A growing stream of thinking in microeconomics is the concept of “winner-take-all” dynamics. The idea seems simple. A combination of networking economics and classic economies of scale creates situations where there are just a few dominant firms or economic agents who are able to capture significant market share in a given industry. With the advances in technology over the last decade, many industries are seeing the impact of winner-take-all dynamics leading to the result of greater concentration.

There have always been economies of scale with a firm, but there were limits based on geography, distribution, or just the ability to gain broad exposure. However, with the internet and the ability to communicate information broadly and quickly, the power of networking generates further economies of scale.

There are some classic winner-take-all markets. For example, the music industry is dominated by a few singers who capture all of the market. Software, search engines, operating systems, or social media, have all become winner-take-all markets.
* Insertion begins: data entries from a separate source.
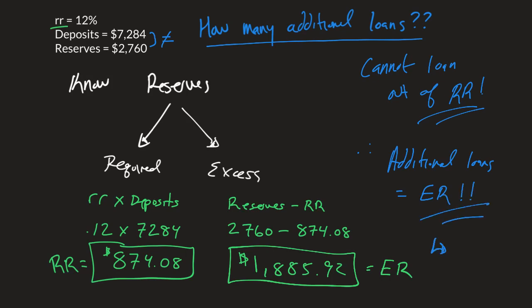Therefore the amount of additional loans that this bank can make would be that same $1,885.92.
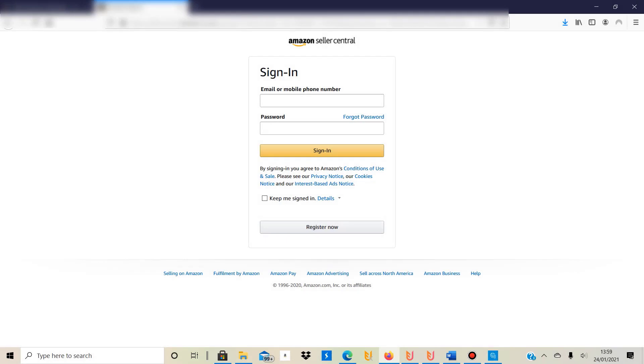Hello, my name is Ben and on this YouTube channel I document my own print on demand journey. Today I would like to talk to you about Amazon Seller Central and the possibility of selling print on demand products through Seller Central.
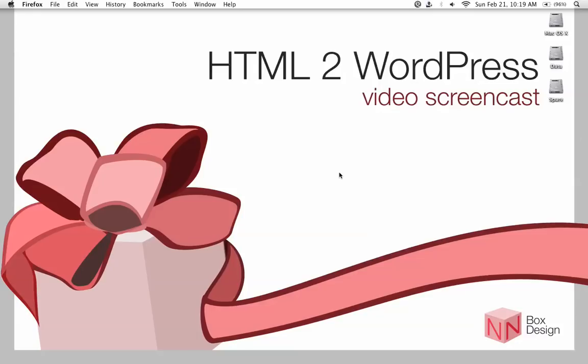Hi, this is the third tutorial on HTML2 WordPress. In the previous screencast, we've just completed a fresh install on WordPress.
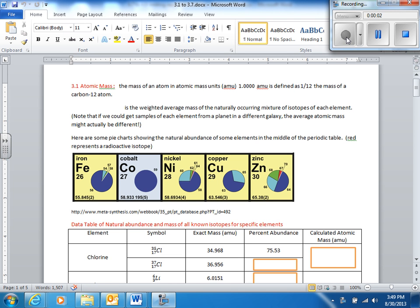Today we're doing section 3.1, which is atomic mass. This is the mass of an atom in AMUs, atomic mass units. They're not grams or anything; it's a mass unit called atomic mass units.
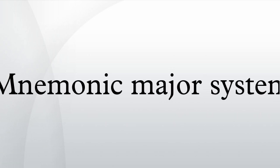See also: Mnemonic Dominic System, Memory Sport, Katapayadi System. References: Fauvel-Gouraud, Francis, Phreno-Mnemotechny or The Art of Memory, Wiley and Putnam 1845. Lorayne, Harry and Lucas, Jerry, The Memory Book, The Classic Guide to Improving Your Memory at Work, at School, at Play, Ballantine Books. Reissue edition ISBN 0-345-41002-5. Numerology site totally dedicated to the major system. University of Amsterdam, Online Memory Improvement Courses and Online Step-by-Step Tutorial of the Phonetic Mnemonic System.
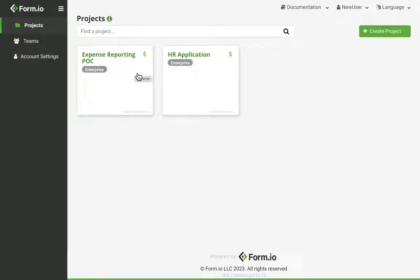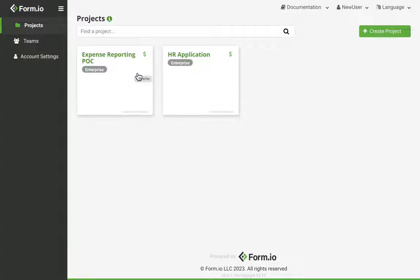The portal is the main landing page you're directed to after authenticating into the platform. Some of the main functions of the portal include user creation for deployed portals, creating or managing teams for form builders and developers, and creating new or managing existing projects.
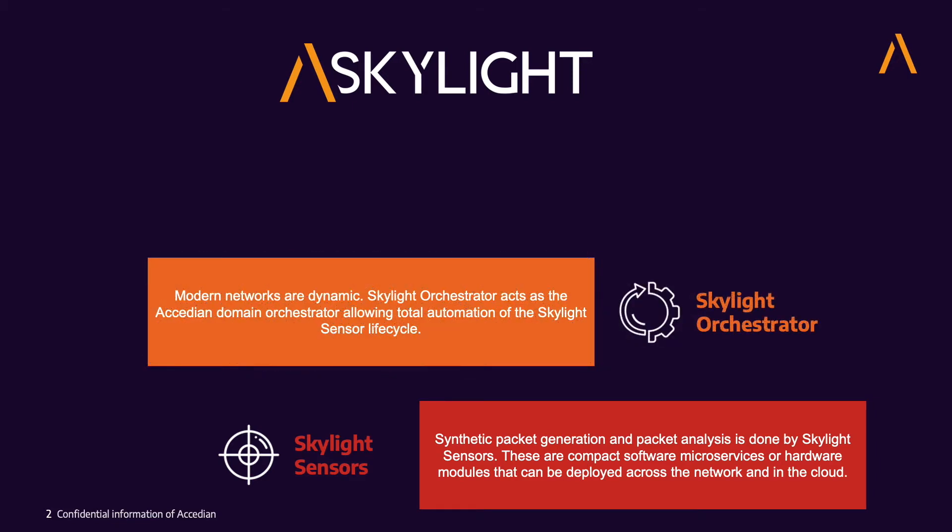Next is Skylight Orchestrator, which manages all the sensors and allows them to be deployed dynamically and at scale.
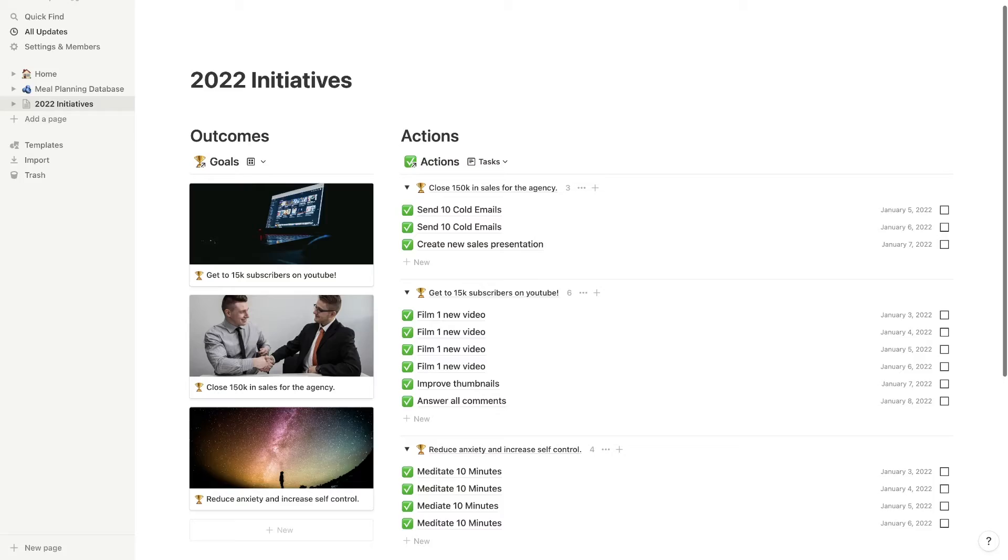Hey there friends, how's it going? In today's video, I'm going to show you how to build this goal tracker right here.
The first mover or close followers are able to gain strong market positions that cannot be broken by new entrants.

We may now be seeing the beginning of winner-take-all dynamics with hedge fund investing. The combination of scale for investing with wide distribution has caused large hedge funds to get larger and more dominant regardless of performance. Think of winner-take-all networking and scale and you can see the how size matters more with hedge funds. We are moving from a highly competitive fragmented industry to one that is more concentrated. This will not happen overnight, but the signs of growing concentration are starting to be seen. Start-ups are slowing and smaller funds are closing.

Size allows for:

  • Economies of scale for passing due diligence – Passing due diligence for large investors requires more infrastructure from independent due diligence to redundant systems and independent trading. To gain money from large pensions, more scale is needed.
  • Economies of scale with compliance – Regulation requires more compliance which is a large fixed cost. Scale spreads this fixed cost.
  • Broader distribution – The costs of marketing are high. This is not just visiting investors but providing investor relations and answering questionnaires.
  • Platform access – More hedge funds need to be on platforms which have barriers to entry. Additionally, prime brokers want to only deal with larger firms.
  • Multiple products – Given the cost with reviewing firms, there is a desire for more products from the same firm. One stop shopping is gaining acceptance.
  • Matching with large investors – Concentration in banking and brokerage means that large firms will deal with other large firms.
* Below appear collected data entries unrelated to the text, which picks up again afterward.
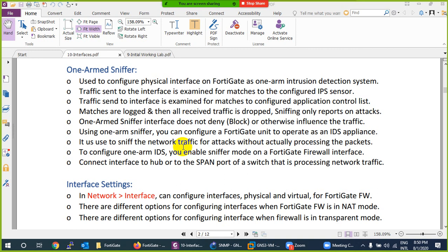Another thing related to interface is one-arm sniffer. If you want to use your FortiGate firewall as an IDS to generate reports — normally we use FortiGate Analyzer, another application we will discuss at the end — we can use a FortiGate firewall as well. Whatever traffic is coming, one copy will go to the FortiGate firewall, just like a tap mode, and for this purpose we use one-arm sniffer.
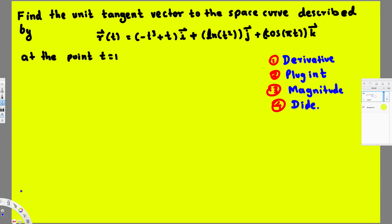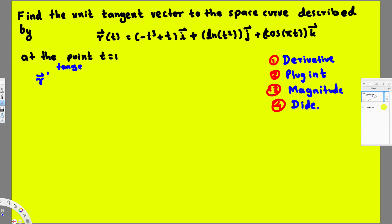Let's try this problem. This question is asking us to find the unit tangent vector to the space curve described by this function. To do this, we have to find the tangent vector and divide by its magnitude — that's going to give us the unit tangent vector. To find the tangent vector, we find the derivative of this function.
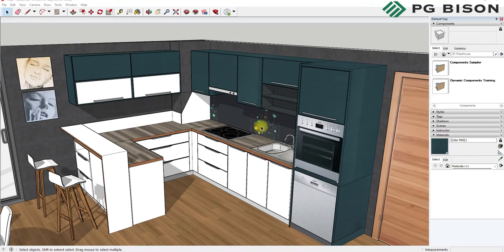When you're in SketchUp, go over to the Components tab and click on the 3D Warehouse search bar. Search for the PG Bison color which you'd like in your design.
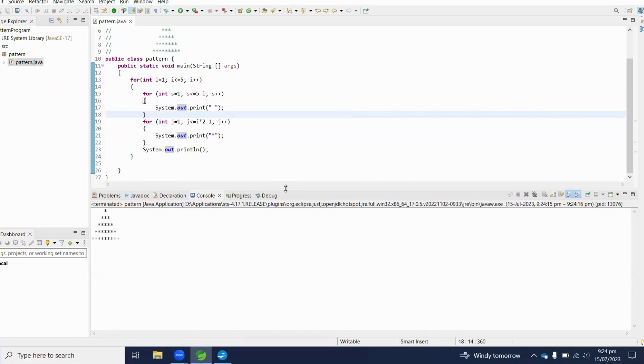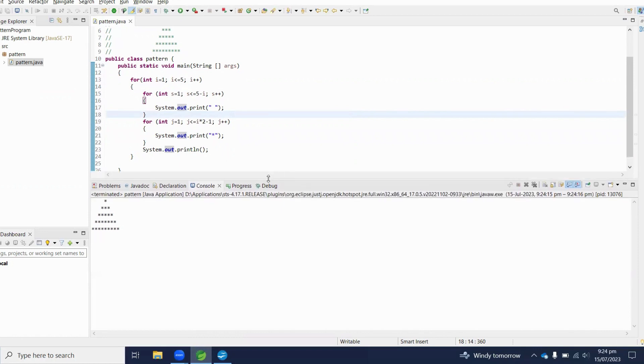Let's execute this code to print the pattern. Here we can see the desired output — the pattern is printed correctly with the stars forming the pyramid shape.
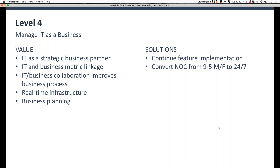The solutions from Optumantix continue adding more features into the solutions you've already rolled out, and you're looking to convert your now-strategic NOC from a nine-to-five Monday through Friday staffing model to a more dynamic 24/7 rollout.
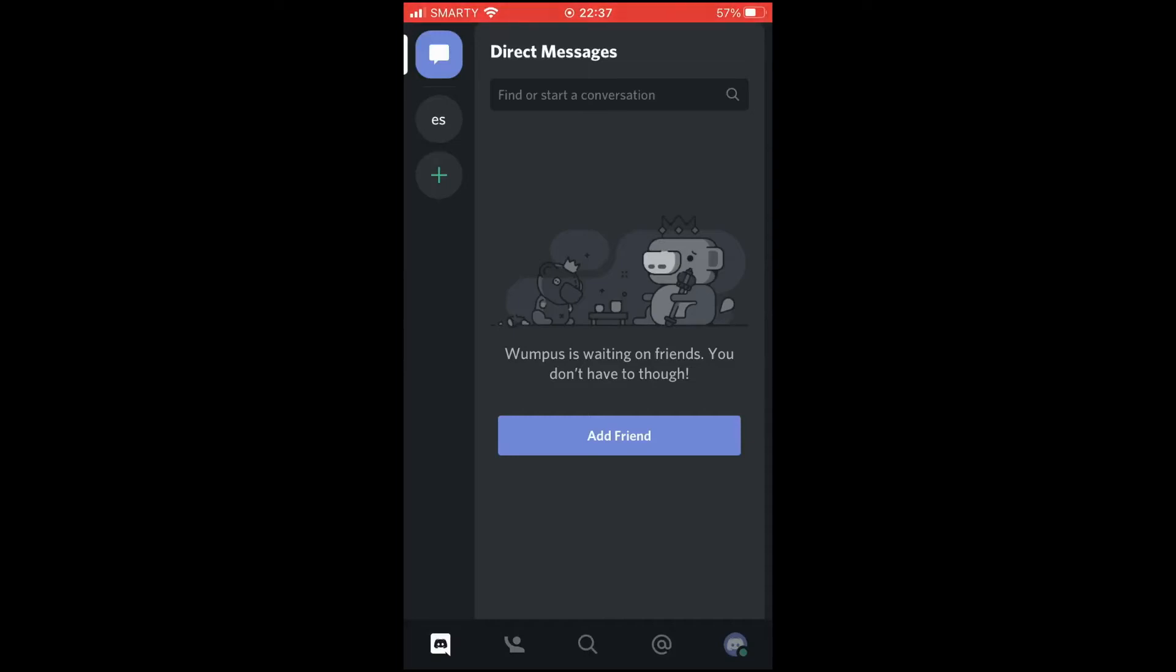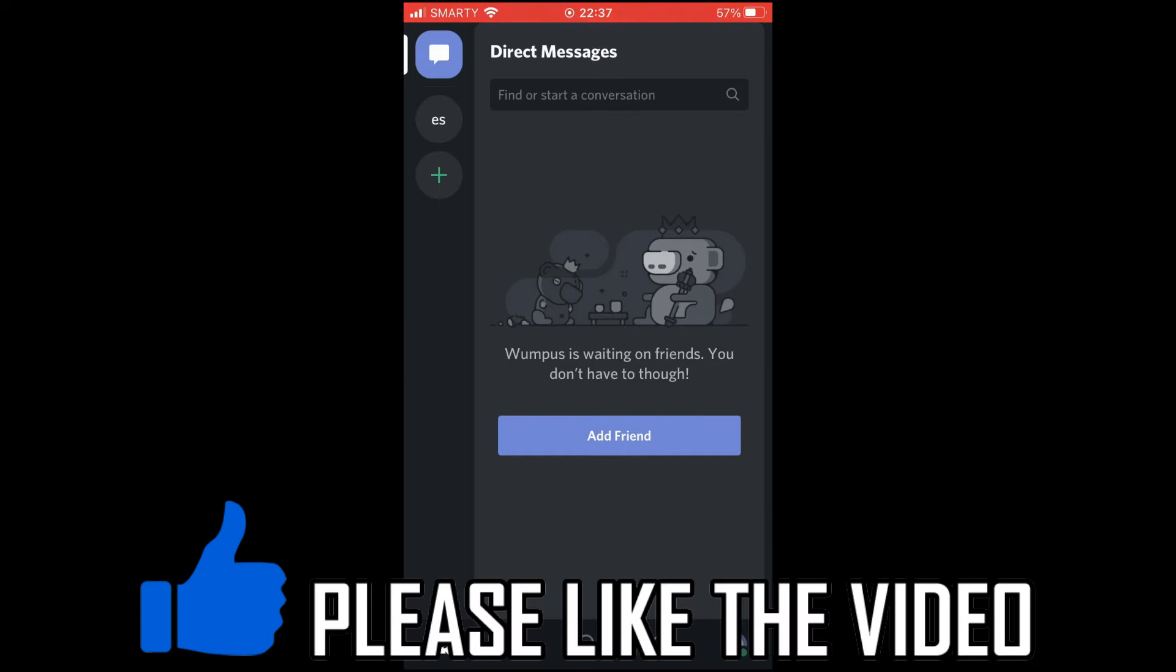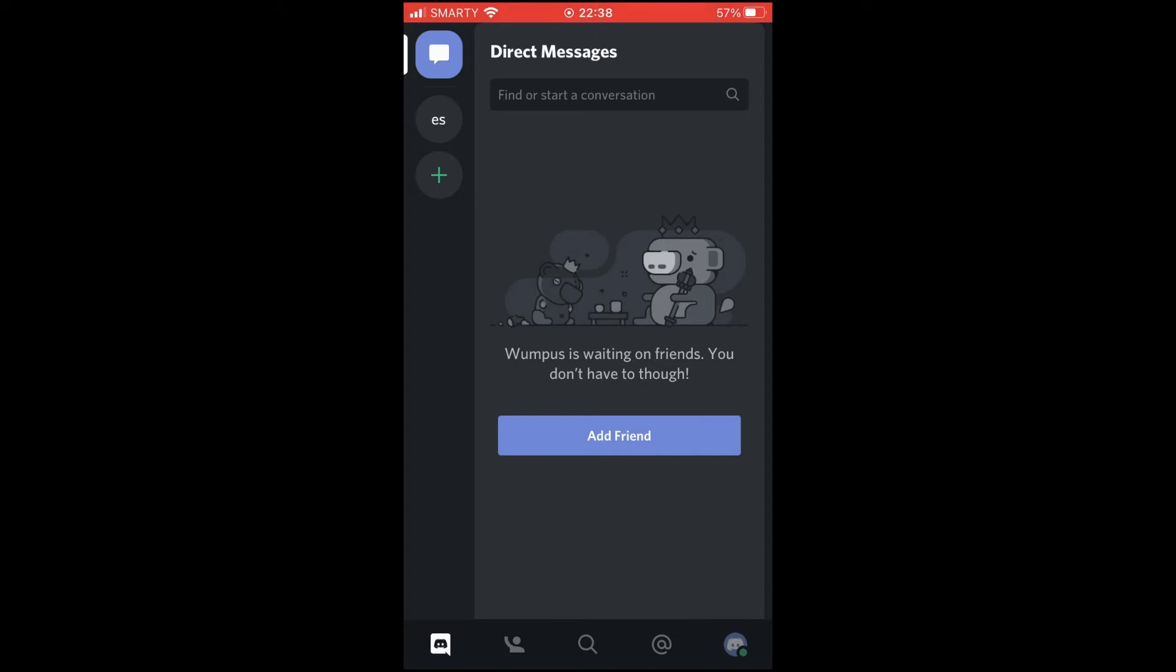How to delete Discord server on mobile. This will work the same on Android as it will on iOS devices like the iPhone or iPad. First of all, we're on the home page of the Discord app.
Is this good for investors?

Scale will allow for the lowering of costs and allow for better infrastructure development. These lower costs can be passed onto investors. The better infrastructure developments in compliance, risk management, transparency, and investor relations all reduce business risk and provide benefits to investors, but the larger firms may not always perform better. Performance is just one aspect with the decision to invest. Now small have to perform better with excess returns to offset the higher business risks.

The idea that a smart manager can open a shop and attract investors to their new business may be ending. Performance as the key driver for new entrants may be ending.